Insert Figure 1 about here

------

Several high tech firms became anxious to protect their products against possible infringements. They began patenting as many of their technologies as possible, and the result is indeed a significant amount of overlapping patents of questionable quality. More patents do not necessarily mean better patents. In fact, the quality of most of what companies across industries are patenting is of little or no commercial relevance and difficult to correlate with shareholder value (Hall et al., 2000). While it is extremely difficult to estimate the share of granted patents that are going to be applied to products or enforced through licensing agreements, and whether or not the changed approach to IP will eventually lead to more “licensing intensive” times (Granstrand, 2004), estimates suggest that this percentage does not reach double digits (Teece, 2000). Forward patent citations are often used as a proxy for patent usefulness, and also here it is possible to notice an extremely skewed distribution, where a small minority of extremely important patents are receiving most of the citations from subsequent patent documents (Hall et al, 2001). Browsing through such an overcrowded market is indeed a difficult task and requires specialized know-how. IP brokers can indeed play a role in guiding companies through these waters.
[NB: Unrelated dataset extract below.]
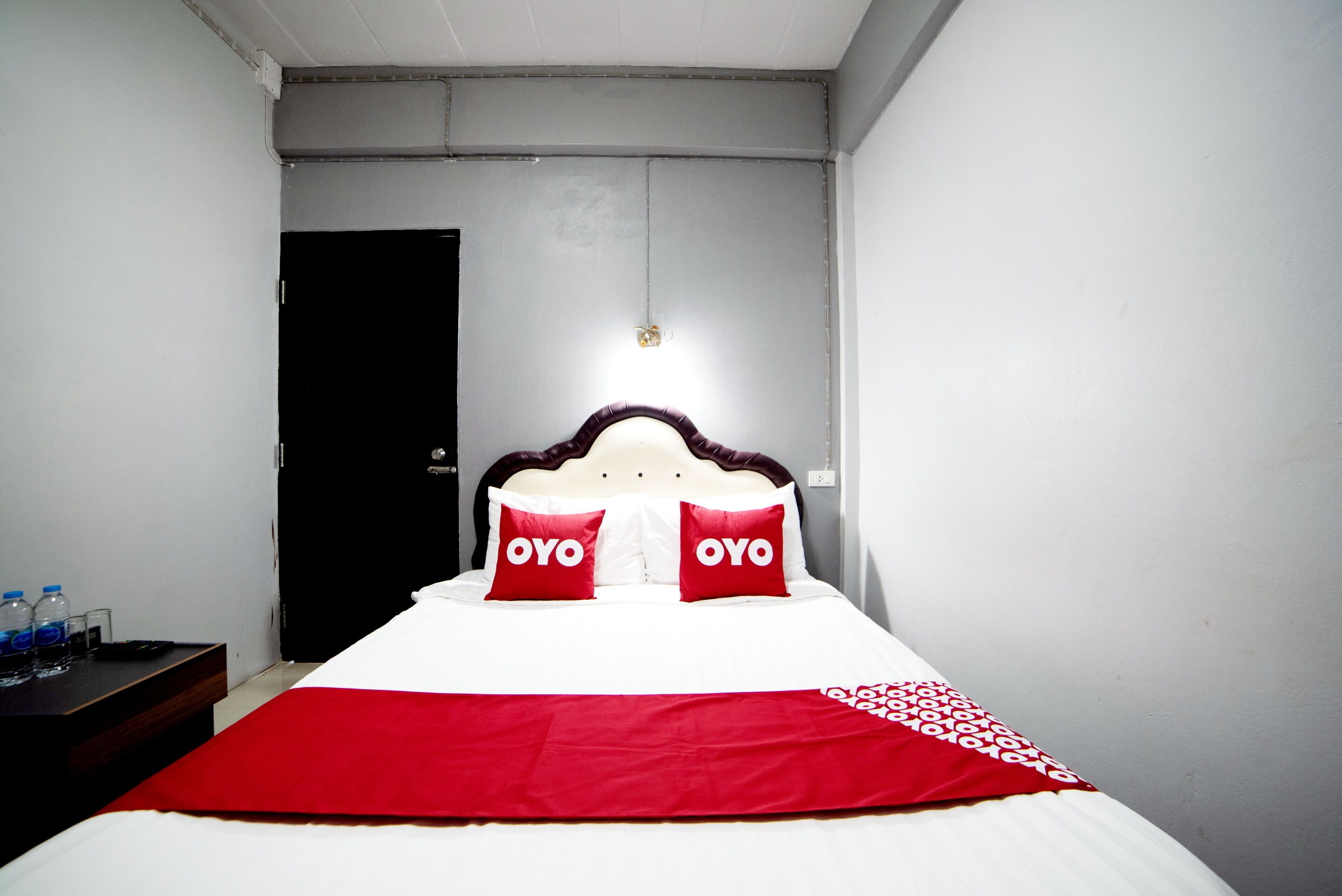 Una cama con cabecera, dos almohadas con la marca 'OYO', una colcha roja y una mesita de noche con botellas de agua.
The third aspect has to do with licensing practices. Recent evolutions of the patenting systems led to an increasing separation between technology (and IP) providers, technology users, and integrators. Companies started to rely on the existence and functioning of an enlarging market for proprietary technologies. Patents’ primary role as a defending mechanism for a firm’s proprietary technology acquired a different importance. Patents became valuable components of market exchanges and a key element in transactions such as licensing or strategic alliances.

The surge in licensing revenues and patents’ sale was the consequence of some eye opening success cases. In some situations, as traditional resources for investment in R&D declined, leading companies turned to the licensing of their existent IP portfolio as a possible source of income. One of the most successful examples of this has been IBM, which as early as 1995 officially recognized licensing revenue as an important item of its budget. Consistently throughout the next ten years IBM placed a lot of emphasis on the importance of licensing revenues:

The company's investments in R&D also result in intellectual property (IP) income. Some of IBM's technological breakthroughs are used exclusively in IBM products, while others are used by the company's licensees for their products when that new technology is not strategic to IBM's business goals. A third group is both used internally and licensed externally. (IBM Annual Report, 2005)

Texas Instruments, as mentioned above, also recognized the vital importance of licensing for its business:

Our Semiconductor patent portfolio is an ongoing contributor to Semiconductor revenue. We do not consider our business materially dependent upon any one patent or patent license, although taken as a whole, our rights and the products made and sold under patents and patent licenses are important to our business. (TI Annual Report, 2005).

As patents became a valuable components of market exchanges, several companies realized they lacked expertise and resources to directly manage their patent portfolio. The same holds true for independent inventors. Independent inventors have limited resources and are not very likely to commercialize their technologies. Independent inventors can also experience problems in getting crucial information about potential buyers and licensees. Transaction costs in dealing with companies can become unbearable.